Kiko propõe ‘choque de gestão’ e fim de ‘loteamento eleitoreiro’ no GDF

Questionado sobre como fazer essas mudanças, ele adiantou que pretende diminuir o número de secretarias de estado, bem como a forma de trabalho das pessoas que servem à Administração Pública.

Olavo David

09/09/2026 11h28

kiko caputo sabatina jbr 7

Foto: Bruno Alpino/Jornal de Brasília

Candidato do Partido Novo ao Palácio do Buriti, Kiko Caputo disse, na sabatina do Jornal de Brasília, que pretende dar um “choque de gestão” na máquina pública do Distrito Federal. “O que falta aqui não é orçamento. A gente vai ter para o ano que vem um orçamento de quase R$ 75 bilhões, mais de 40% superior ao de Goiás, mas vejam a situação de Goiás e a situação do DF”, provocou o advogado.

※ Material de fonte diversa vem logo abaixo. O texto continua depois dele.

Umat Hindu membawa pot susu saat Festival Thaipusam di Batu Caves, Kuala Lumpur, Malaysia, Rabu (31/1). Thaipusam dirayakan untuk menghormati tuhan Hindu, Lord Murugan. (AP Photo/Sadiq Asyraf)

“Goiás tem mais que o dobro da nossa população e tem uma Saúde melhor que a nossa, Educação melhor que a nossa”, completou.

Questionado sobre como fazer essas mudanças, ele adiantou que pretende diminuir o número de secretarias de estado, bem como a forma de trabalho das pessoas que servem à Administração Pública. “A prática é acabar com a corrupção e fazer os funcionários públicos gerirem a máquina pública. A política que está sendo praticada aqui é praticada em detrimento da população”, disparou.

“Há um loteamento eleitoreiro irresponsável dos cargos públicos. Nós temos 33 secretarias [oficialmente, são 32], muitas delas nem orçamento próprio têm”, criticou.